== Exercise details ==
Below are records; the lines starting at the one with "Adjustable Bedside Crib" and ending at the one with "Women bottom down shirt" must be reproduced exactly, both included. Pictures must not appear.

== Information shown ==
- Opening Delimiter -
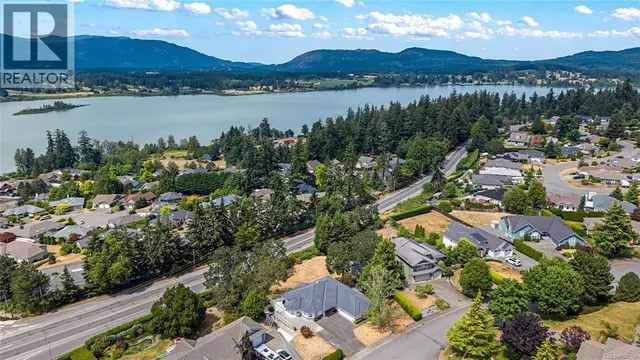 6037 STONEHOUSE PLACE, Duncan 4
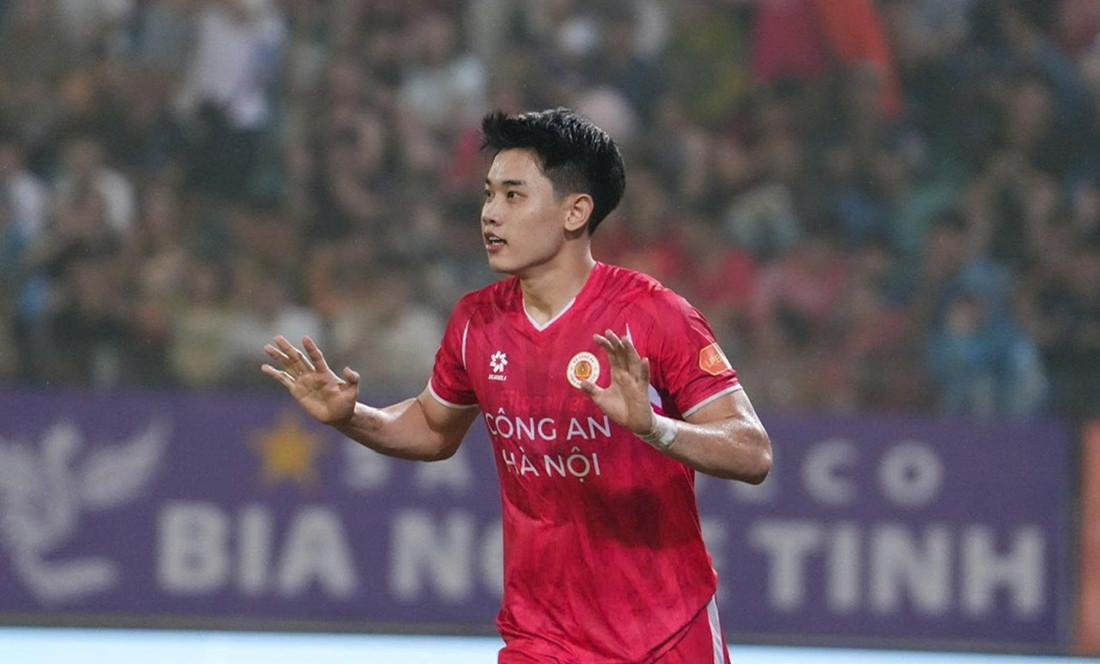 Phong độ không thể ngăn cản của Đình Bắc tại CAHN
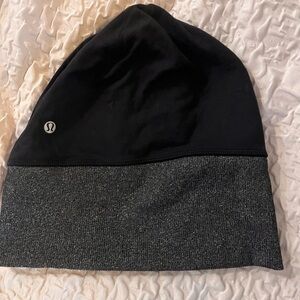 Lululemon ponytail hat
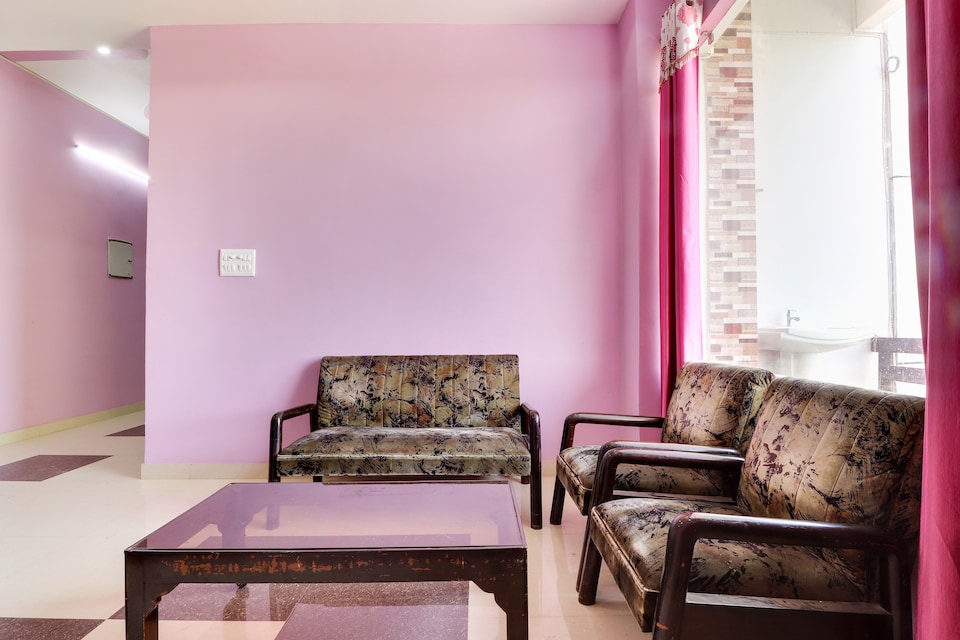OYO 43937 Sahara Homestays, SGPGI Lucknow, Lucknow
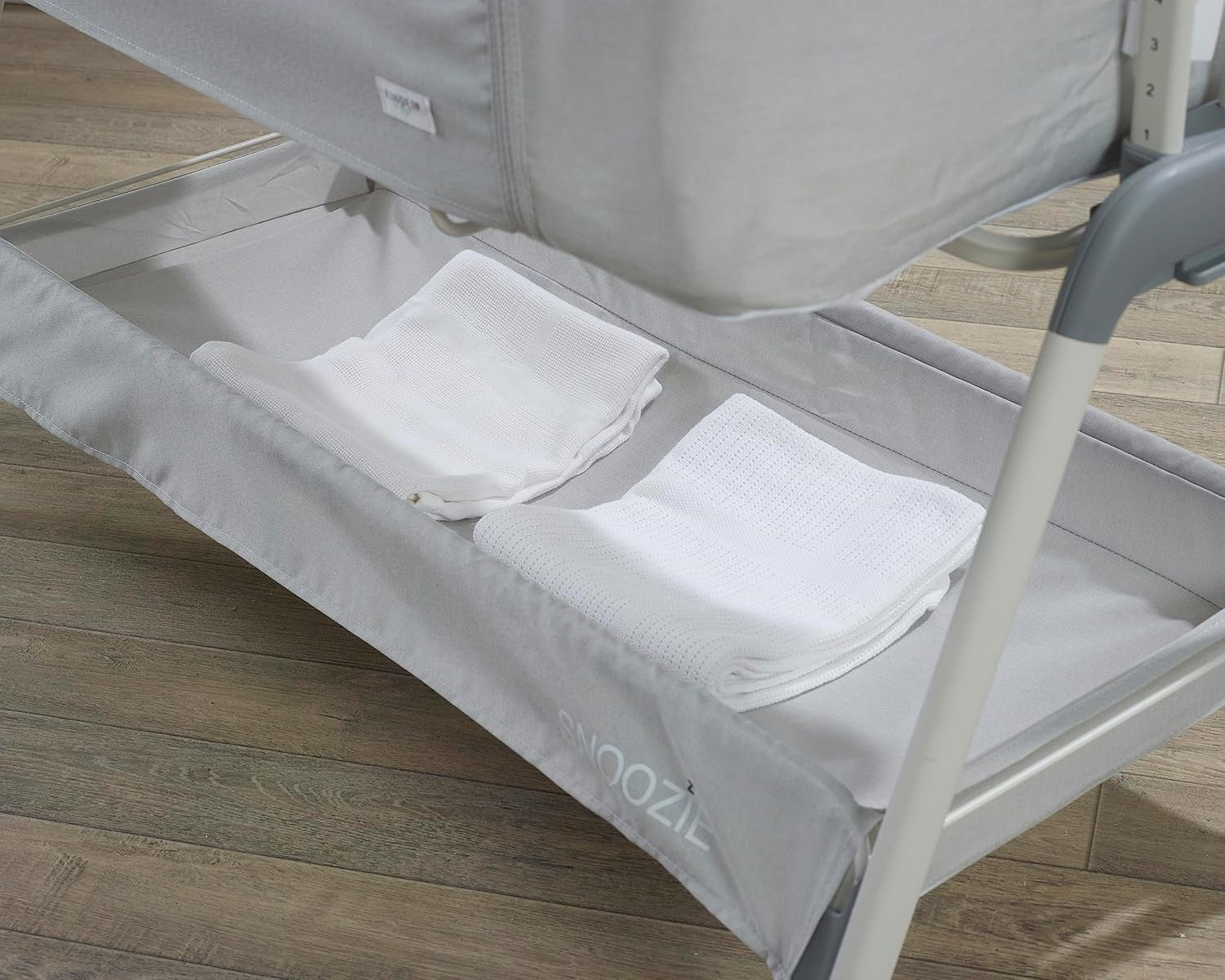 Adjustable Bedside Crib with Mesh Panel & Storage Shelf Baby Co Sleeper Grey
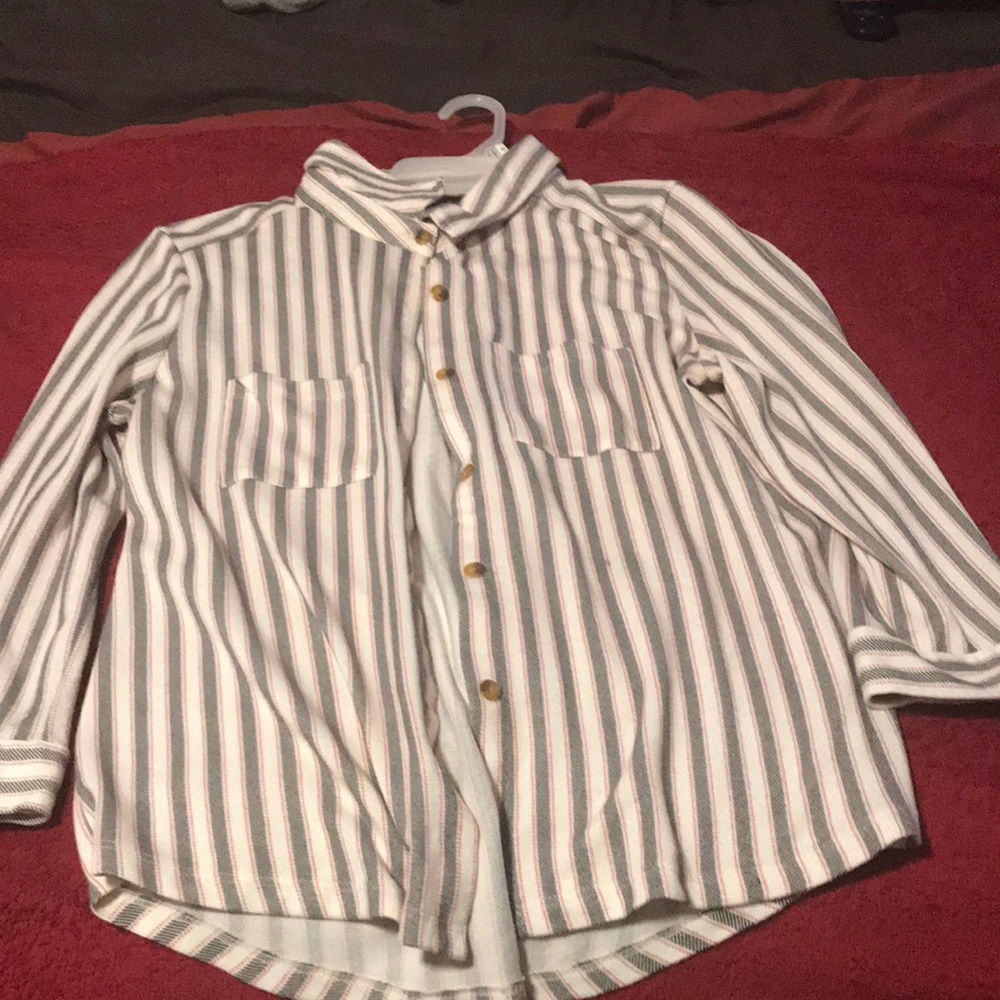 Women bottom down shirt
- Closing Delimiter -
- Opening Delimiter -
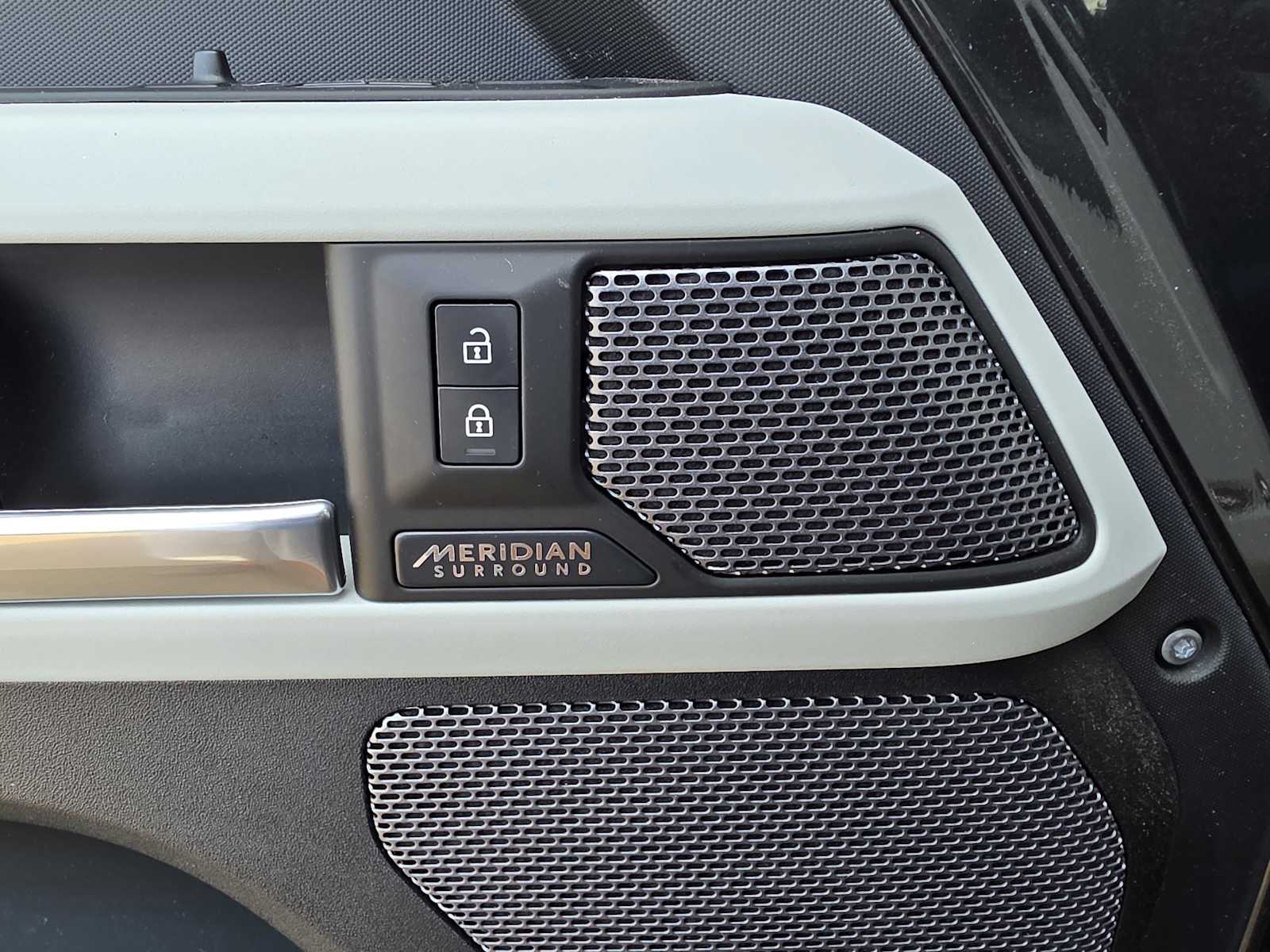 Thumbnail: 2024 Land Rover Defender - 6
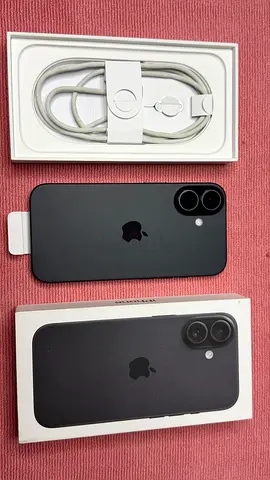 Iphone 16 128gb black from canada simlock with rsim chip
- Closing Delimiter -
== Solution to the problem ==
 Adjustable Bedside Crib with Mesh Panel & Storage Shelf Baby Co Sleeper Grey
 Women bottom down shirt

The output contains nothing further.